The sophisticated steering technology of the SCHEUERLE SPMT allows precision-positioning of the heaviest of loads. The individual module transporters can be coupled in any combination, either mechanically or in open compounds. The steering technology guarantees the synchronized control of all module transporters integrated in the coupling mode. Electronic all-wheel steering makes the module transporters extremely maneuverable.
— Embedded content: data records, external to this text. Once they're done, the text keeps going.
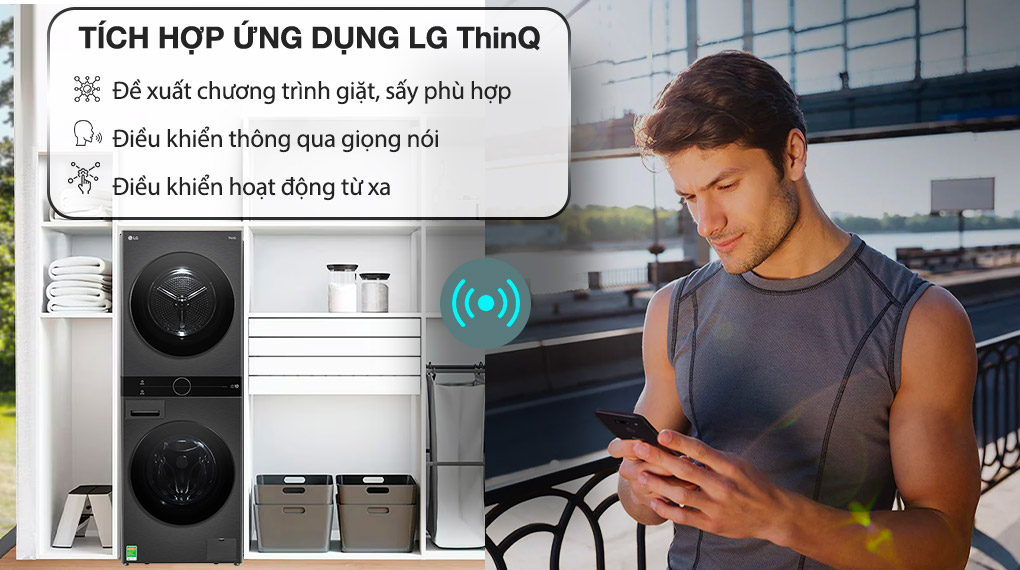 Máy giặt sấy LG Inverter 14 kg WT1410NHB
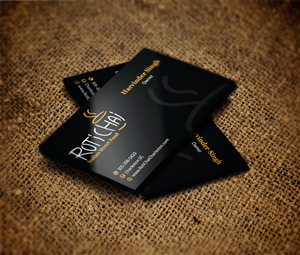 Roti chai food truck catering business card | Business Card Design by MT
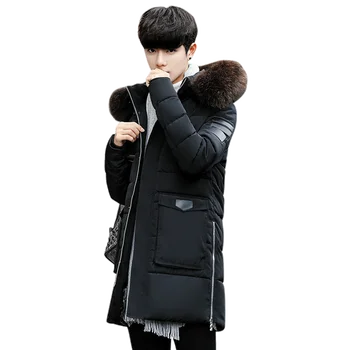 Long Thick Parka Windbreakers Zipper Hooded Men's Coat Warm Wadded Overcoat Winter Mens Coats Outerwear Slim Fit Male Jacket 1 
Long Thick Parka Windbreakers Zipper Hooded Men's Coat Warm Wadded Overcoat Winter Mens Coats Outerwear Slim Fit Male Jacket 1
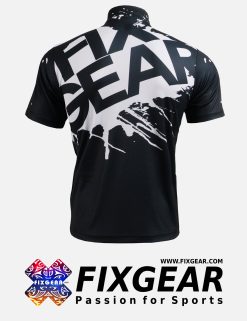 FIXGEAR BM-5402 Casual Men's short sleeve jersey 1/4 zip-up T-Shirt
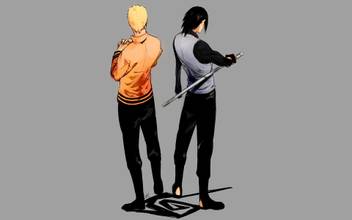 Wallpaper Athah Anime Boruto Sasuke Uchiha Boruto Uzumaki 13 19 Inches Wall Free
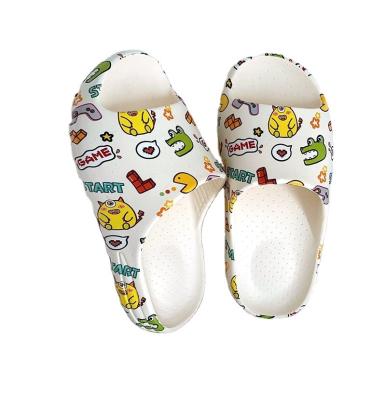 China Unique Flip Flops Cute Graffiti Thick Yeezy Non-slip Slide Beach Slippers Summer Men Women Fashion Trend Color Draw for sale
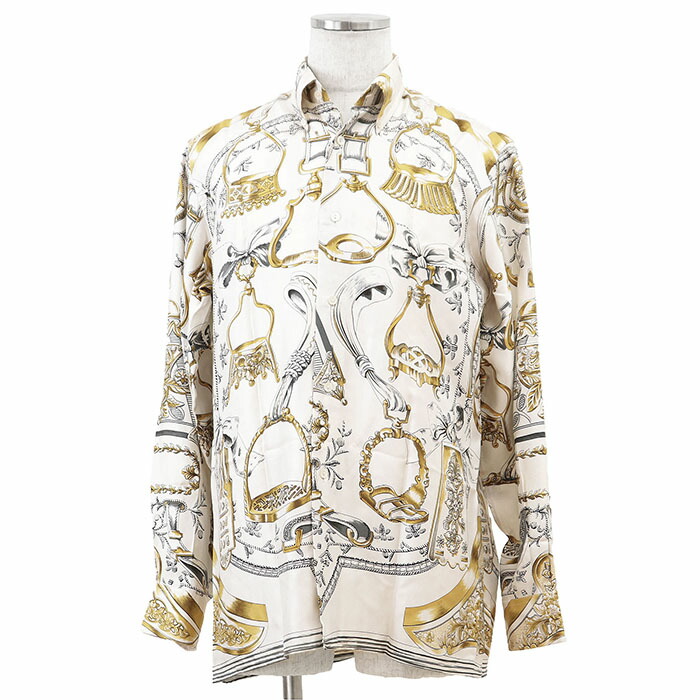 金セリエ HERMES エルメス セリエ シャツ ボタンダウン フランス製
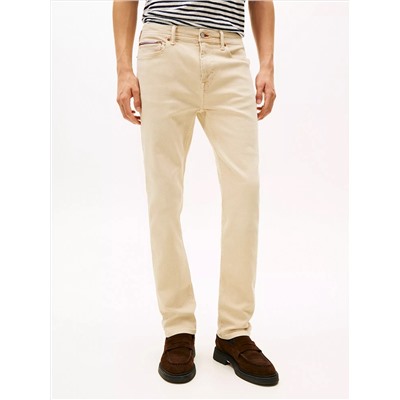 Garment-Dyed Slim Jean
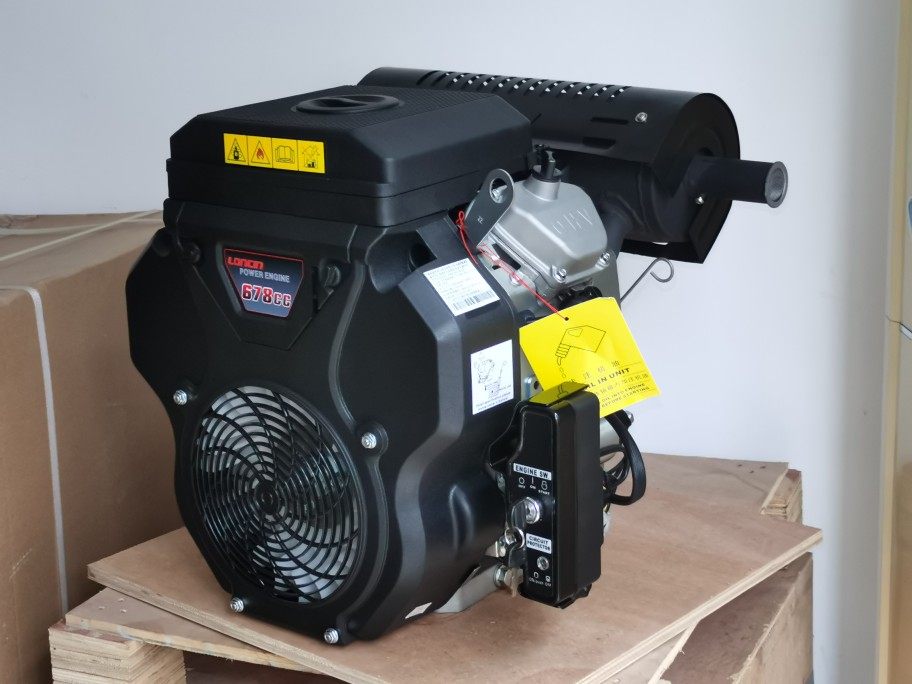 Longxin engine two-cylinder 2v80fd764cc18/19kw30 horsepower high pressure washer Marine 25.4mm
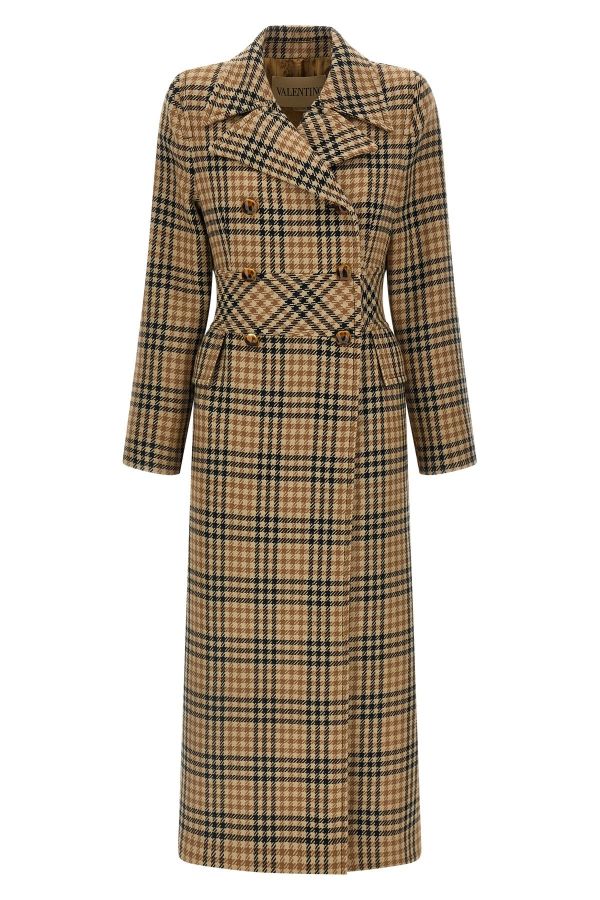  Valentino Garavani Valentino Garavani Houndstooth Wool Coat 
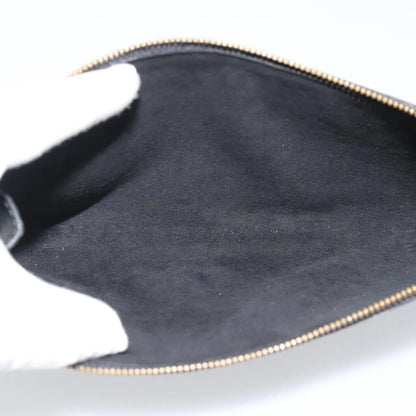 Louis Vuitton Pochette Accessoires Epi, Black, Leather, Clutch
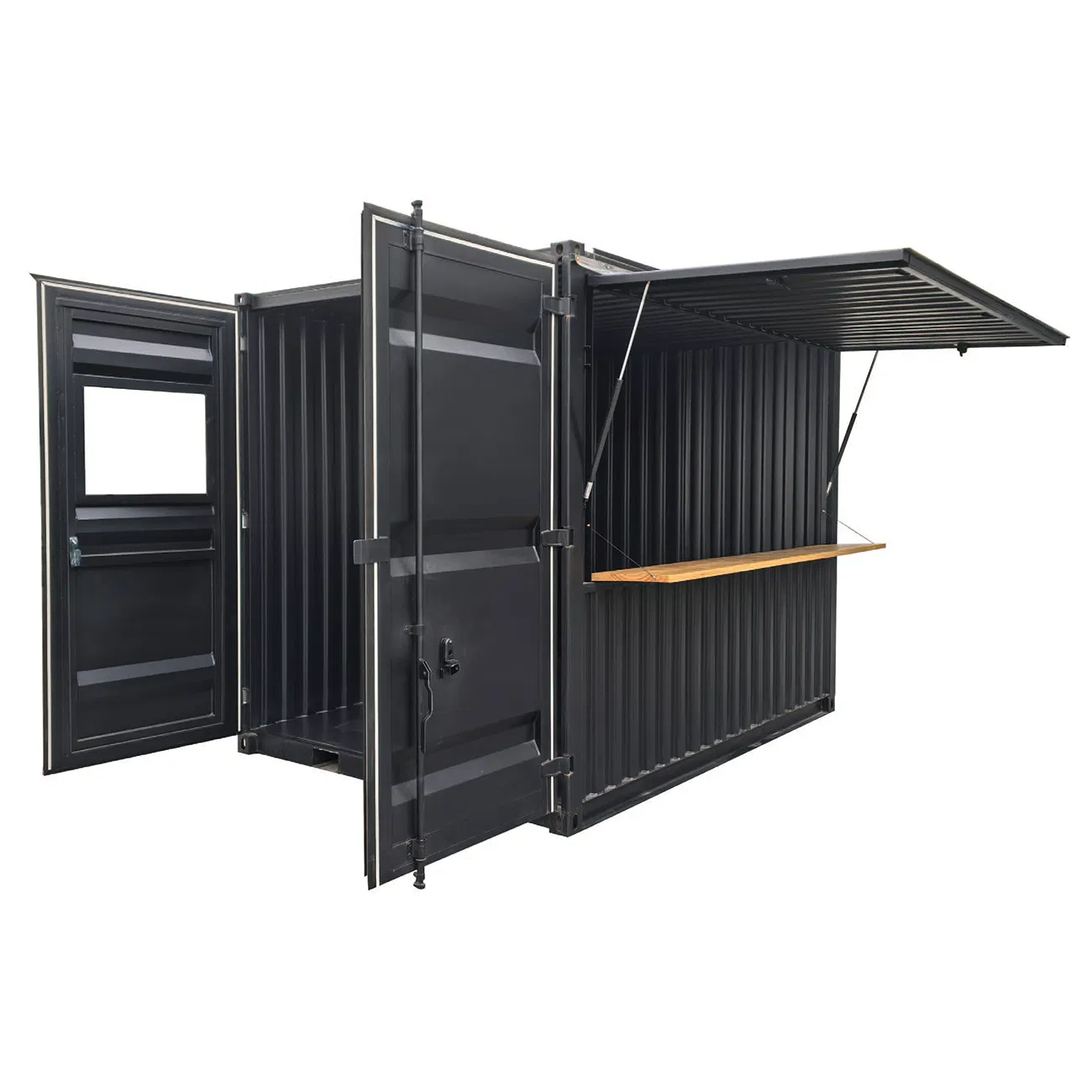 Portable Vending Booth - Mini Container Mobile Shop Built for All Conditions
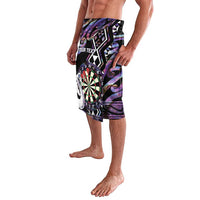 Personalised New Zealand Darts Lavalava Ngutukaka Manaia Taniko Luxury Purple - Polynesian Pride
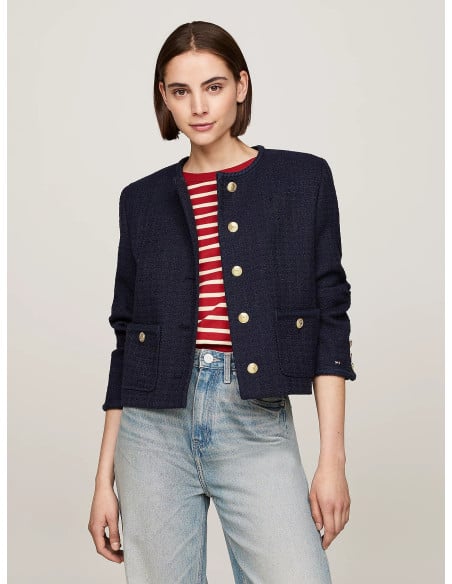 პიჯაკი Tommy Hilfiger - TWEED CREW NECK JACKET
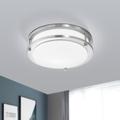 MYTH REALM Daphne Double Rings 10 LED Flush Mount Ceiling Light 3000/4000/5000K Acrylic in Brown | 3.5 H x 10 W x 10.4 D in | Wayfair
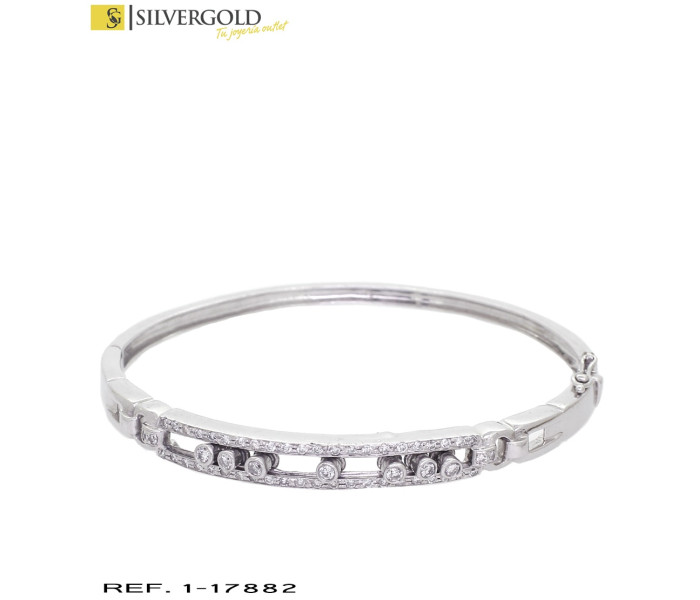 1-1-17882-1-I-D-Pulsera oro blanco 18 Kt. con diamantes L 2665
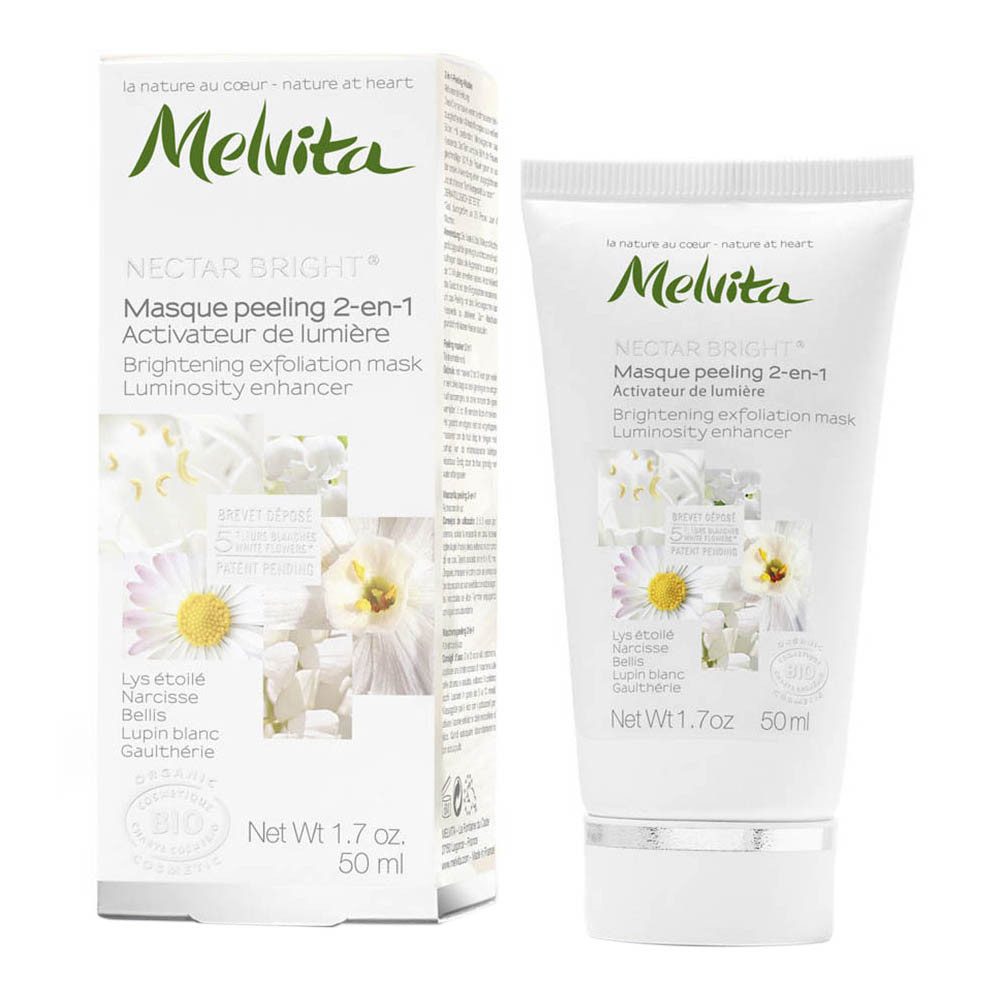 Melvita Gesichtspeeling Nectar Bright - Peeling Maske 50ml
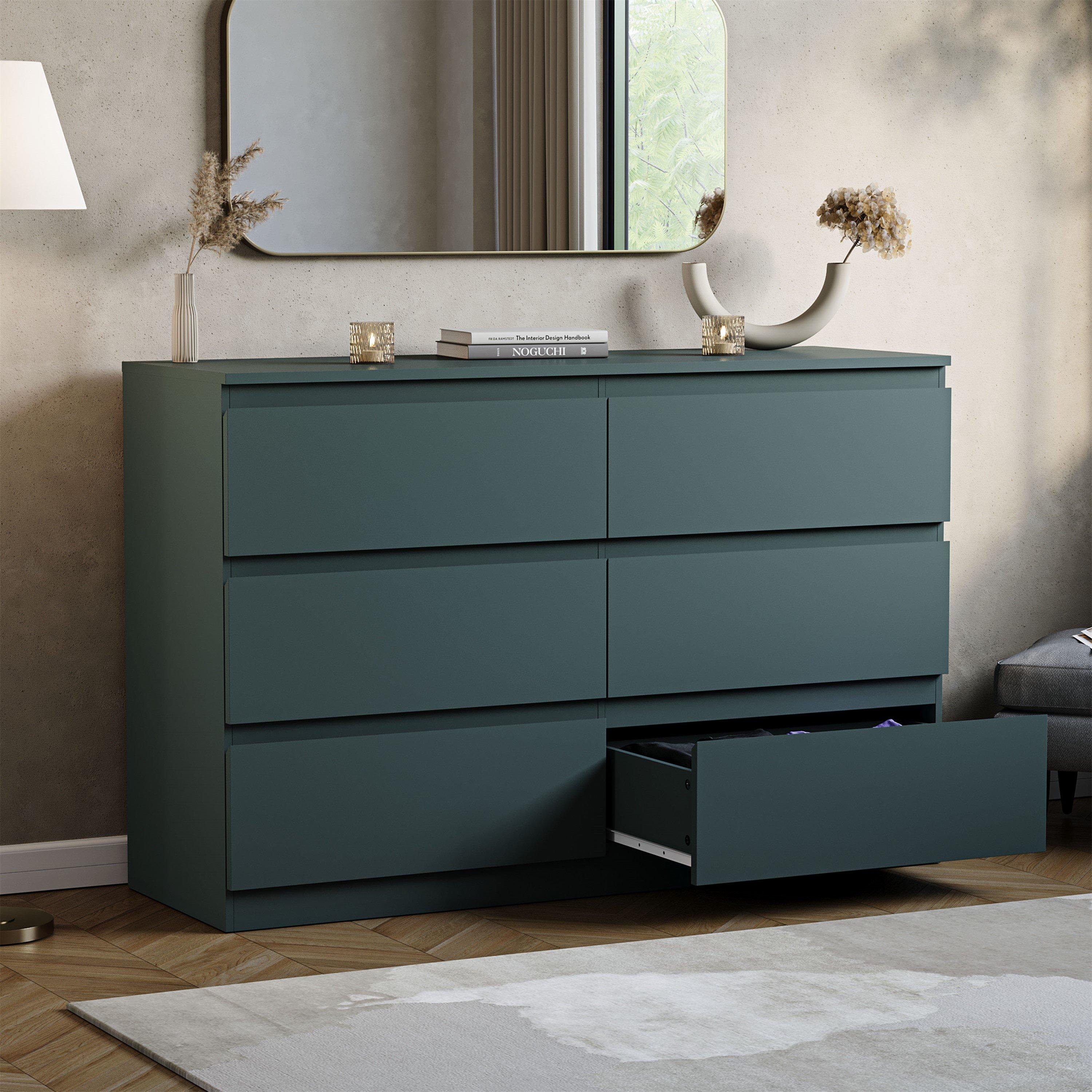 Jasper Green - Lassic - Vida Designs Denver 6 Drawer Chest - 4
This makes them suitable to transport almost any load and provides precision-positioning of ± 2 mm.
Ex-HMAS Sydney was decommissioned from the Royal Australian Navy on 7th November 2015 and had been laid-up in Sydney until 18th May 2017 when she departed for the tow to Henderson where she arrived on 8th June 2017.
A precision job: The vessel was transferred from the floating dock to the hardstand with only 200mm clearance from the bottom of the rudder to the ground.
AMC operates their SCHEUERLE-SPMT with special solid flat tires to ensure maximum tilting stability.